The AC had created a nice frost built up inside of the window and as we put distance between ourselves and the city lights, winding into the mountains, I couldn’t help but think that I was probably missing some incredible scenery out in that blackness.
I also couldn’t help but wonder if the FARC or other guys with AKs and a few kilos were out there somewhere. They have been reported to stop night buses, but hopefully tonight would be a night off and I could get some sleep…or the closest thing offered by a rattling bus anyway.
We rolled into the city of Cali in the early hours. Cali is the second largest city in Colombia and is famed as the Salsa dancing vortex of the world. I couldn’t wait to see locals dressed in their sexiest moving to cumbia, the Colombia version of salsa.
Instead I found a busy street lined on each side with huge nightclubs, neon and smoke machines working overtime to high-energy Latin music vibrating my eardrums, and loads of potential, but only one thing was missing……the dancers! There wasn’t an ass being shaken within miles. Hecklers stood in front of each club, doing their best to get people inside, but there were no takers.
Disappointing to say the least. Perhaps it only kicks off on weekends, and unfortunately I don’t care for Cali enough to stay here and wait for the party to start.
Cali seems to be no safer than Bogota, despite having a nice French owned hostel in the colonial San Antonio area of the city. Things shut down around 22:00 and his Colombian wife even came out to warn us that it wasn’t safe to sit on the front porch of the hostel, just meters from the door. Just like Bogota, I am too damn nocturnal to turn in that early and I found myself walking all over the dark and dirty streets without incident just about every night.

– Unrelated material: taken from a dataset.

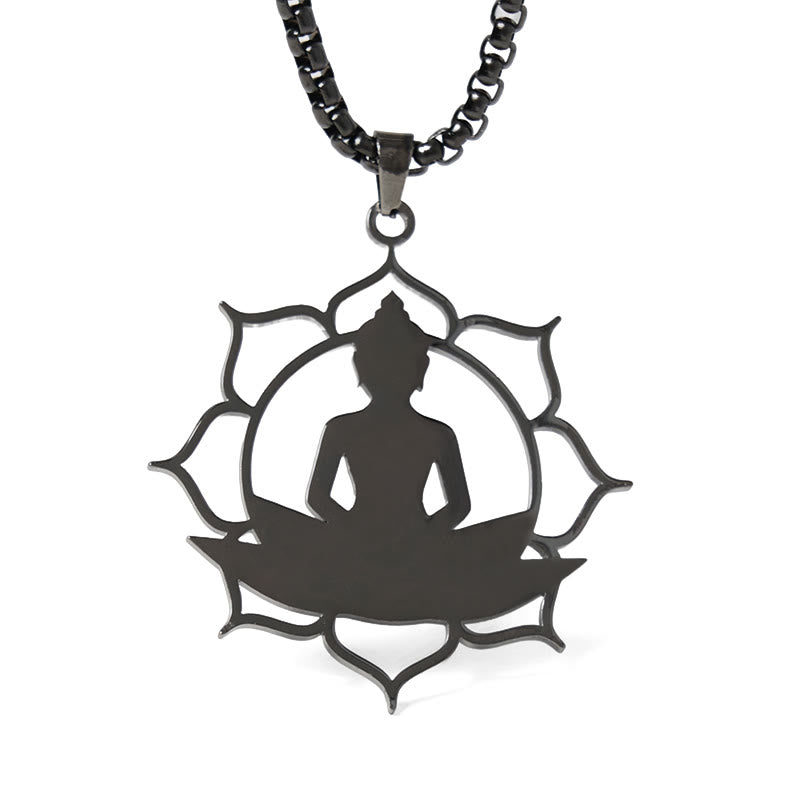 Collar con colgante de acero inoxidable con diseño de Buda sentado y loto vintage con Buddha Stones. - image 18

Cali is also full of fried foods, cake and ice cream shops, and loads of sweet, intoxicating smells that are hard to walk past. No wonder I haven’t spotted many of the beautiful women that are reported to call this city home, they are probably afraid to gain weight just by leaving the house! My salvation from the junk food was an incredible vegetarian restaurant offering a delicious buffet for about US $3.50.
The weather here is pleasantly the complete opposite of Bogota. I have even managed to get my first sunburn of the trip, but I’ll take it over cold and wet any day.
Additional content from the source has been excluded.